GIVEN RECORDS Block Start
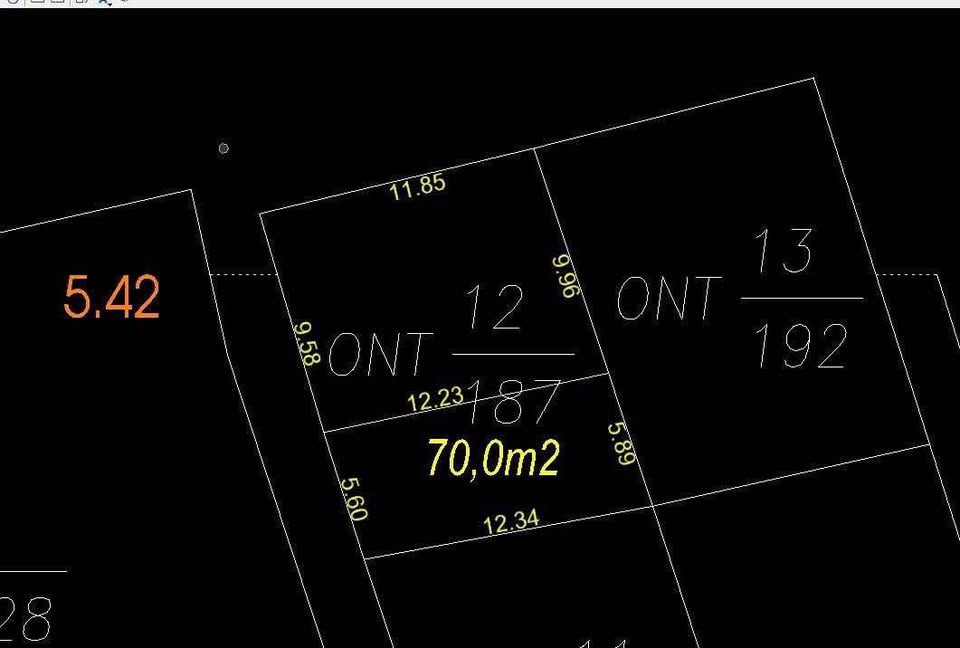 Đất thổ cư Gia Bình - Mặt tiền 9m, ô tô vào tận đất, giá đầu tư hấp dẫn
GIVEN RECORDS Block End
GIVEN RECORDS Block Start
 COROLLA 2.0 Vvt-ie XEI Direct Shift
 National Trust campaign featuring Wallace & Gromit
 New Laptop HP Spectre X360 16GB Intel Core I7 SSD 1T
GIVEN RECORDS Block End
GIVEN RECORDS Block Start
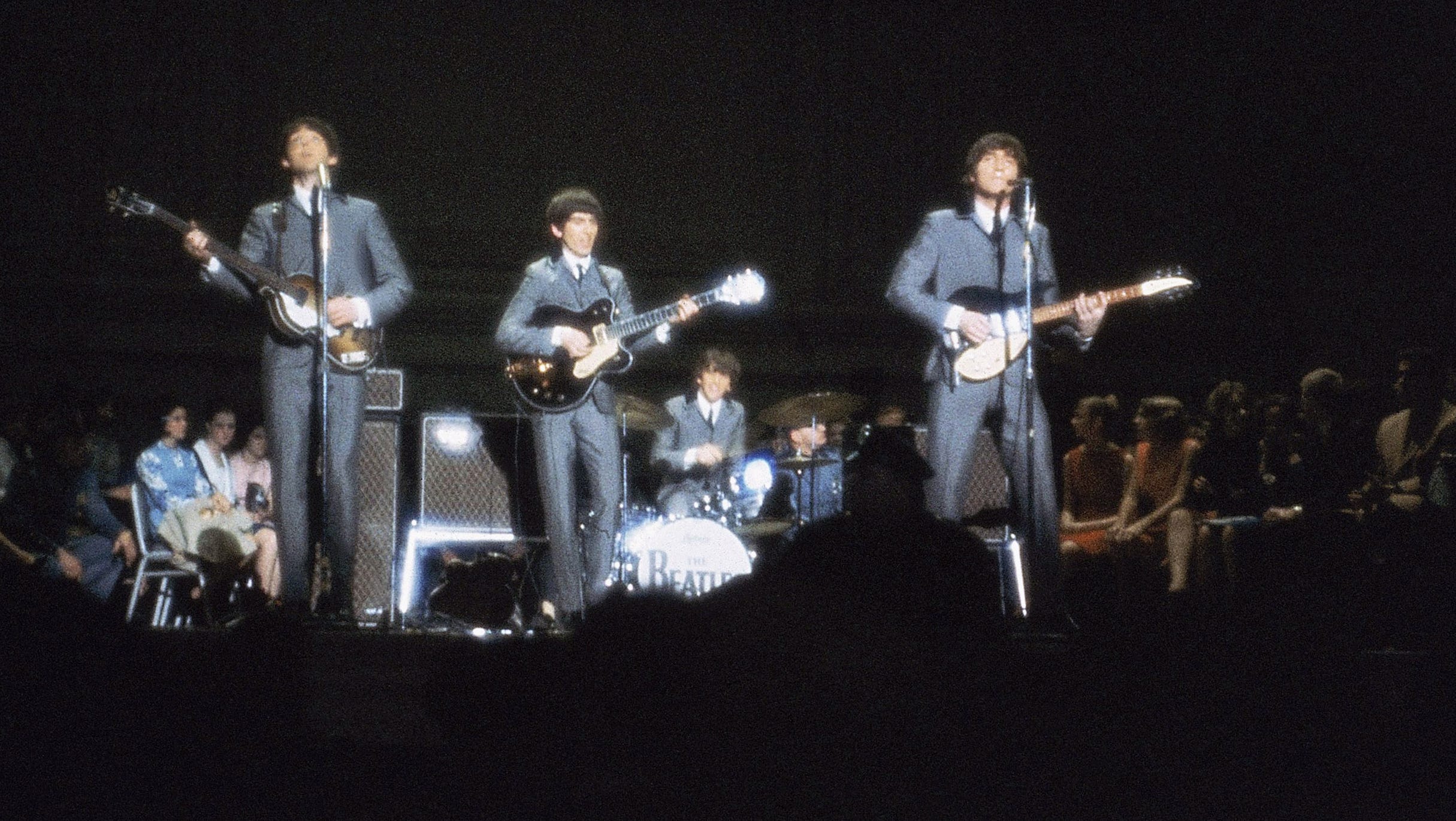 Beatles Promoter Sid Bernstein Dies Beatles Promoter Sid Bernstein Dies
GIVEN RECORDS Block End
# [WHAT YOU SHOULD DO]
What do the lines above say from the one containing "COROLLA 2.0 Vvt-ie XEI Direct Shift" down to the one containing "New Laptop HP"? Return them exactly, both end lines included, and only them.

# [EXERCISE SOLUTION]
 COROLLA 2.0 Vvt-ie XEI Direct Shift
 National Trust campaign featuring Wallace & Gromit
 New Laptop HP Spectre X360 16GB Intel Core I7 SSD 1T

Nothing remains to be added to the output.